Proposal to separate top-level build pipeline runs per major release into “important platforms” and “other platforms” (one top-level execution each). Issue to be raised to discuss this proposal.
Related: #186 and adoptium/aqa-tests#2037
Stewart will raise an issue for this discussion in the build repo. - [AL] How can we make handovers easy from one team member to another during releasing if required?
Reducing the number of manual steps will make handover easier (#178) - [SA] Should we have separate HotSpot/OpenJ9 release issues to avoid platform confusion and allow closing each separately)
Yes. George volunteers for creating a PR to effect these changes to the template. - [AF] Should we have a "dry-run" without publish e.g. on the Monday before OpenJDK's release date?
Probably. AF to raise an issue to debate this. Wide-ranging, so TSC repo. To include identifying scope of variable control (e.g. code freezes for repos), identifying buy-in, etc. - [MB] Should we do "RC" builds as upstream OpenJDK does
Ditto. - [AA] Can we have a better visible release status like https://gist.github.com/aahlenst/bbb8ca9c87353e0c8928633961047340? With all the different branches/release dates (think ARM on 8), it's super hard to track.

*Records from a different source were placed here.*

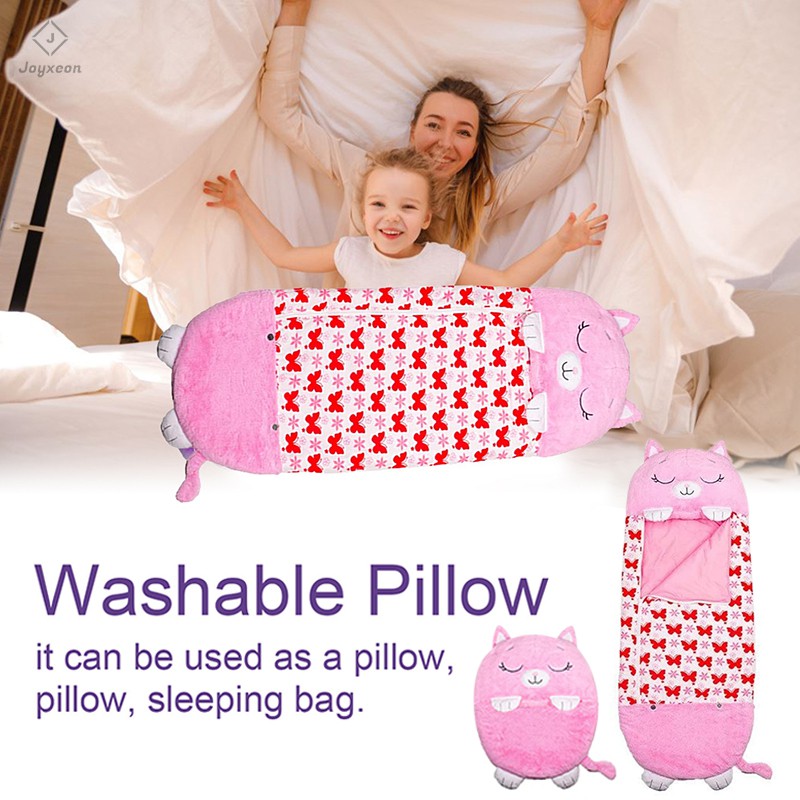Joyxeon. Happy Nappers 2in1 Portable Cute Cartoon Sleeping Bag Pillow Thickened Warm Blanket for Children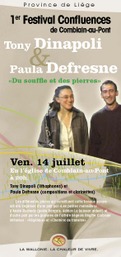 Flyers du Festival Confluences 2006_TonyDiNapoli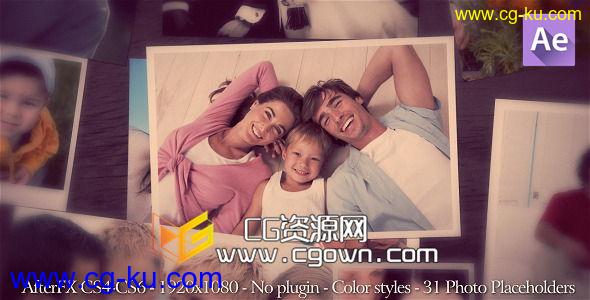 家庭聚会活动 纪念日照片画廊 Videohive Photo Gallery 7229309 AE模板的图片1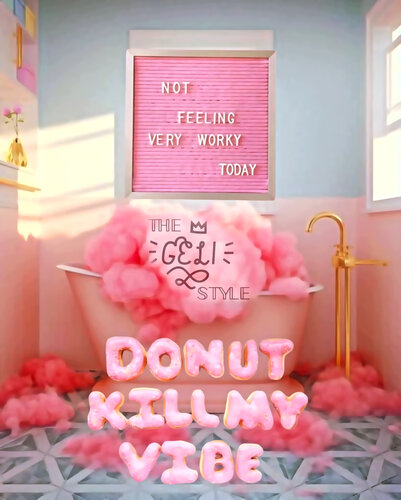 Donut kill My Vibe by Geli Kamaci®️, 數碼 for Sale on Singulart
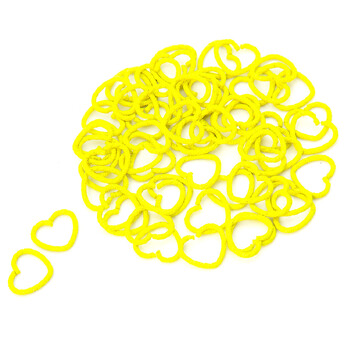 Сердечко соединительное +-20 шт. 14х12х1,2 мм Желтый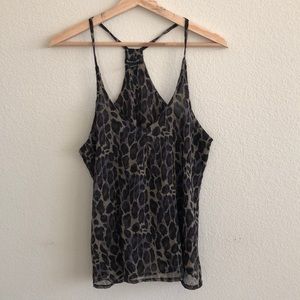 EUC Animal Print Tank Top SZ XL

Yes. George volunteers to host a call to discuss this further. - [SL] Is there a benefit to creating an actual release checklist? Are there release steps that we can automate? Sample Release Checklist to improve Release Automation
This was determined to be covered by other items earlier in the retrospective.
References:
Releasing document in the build repository
WIP release checklist document based on the releasing doc
Actions list:
Adam Farley:
- Raise build issue to resolve the "test job generation not thread safe" issue. "No suitable checks publisher found" warnings. Issue raised.
- Raise TSC issue to debate "dry-run without publish" (e.g. on the Monday before OpenJDK's release date)?
To include identifying scope of variable control (e.g. code freezes for repos), making the change to the release docs, methods, etc. Issue raised.
George & Stewart
- Raise issue to develop documentation for this problem: apt installers for 8u272 suffer a gap in update time which affects end users.
George Adams
- Create PR to effect this change to a template: Separate HotSpot/OpenJ9 release issues.
- Host a call to discuss having a better visible release status like https://gist.github.com/aahlenst/bbb8ca9c87353e0c8928633961047340
(With all the different branches/release dates (think ARM on 8), it's super hard to track.)
Stewart Addison
- Make Slack announcement regarding this: Build repo lockdown had some "leakage" which broke Solaris/SPARC (& others?)
- Raise build issue to discuss platform prioritization (e.g. run Windows/x64, Linux/x64, Macos/x64 pipelines first).
Proposal to separate top-level build pipeline runs per major release into “important platforms” and “other platforms” (one top-level execution each).
Related: #186 and adoptium/aqa-tests#2037
Andrew Leonard
- Raise issue to discuss solution for various issues with the patch number in build and API Windows installer version numbers and sorting (re: 11.0.9.1+1).
Since the actions for this will be chased independently by their respective owners, this issue will now be closed.
Thank you everyone for participating.
@adamfarley I feel this probably shouldn't be closed until we have issues covering them, otherwise the work looks complete as there is no outstanding issues for several of these with owners
Will reopen if you think that will encourage folks to follow up.
My thought was that it'd be easier to close this and simply copy the actions into January's retrospective issue, reviewing the results then.
I think the right way forward is to reopen it as you suggest, and to copy the actions once people have had a chance to update them with links to their issues.
Note: Any unresolved actions have been folded into the next retrospective for review. Link.
If any have been unintentionally missed, feel free to add them.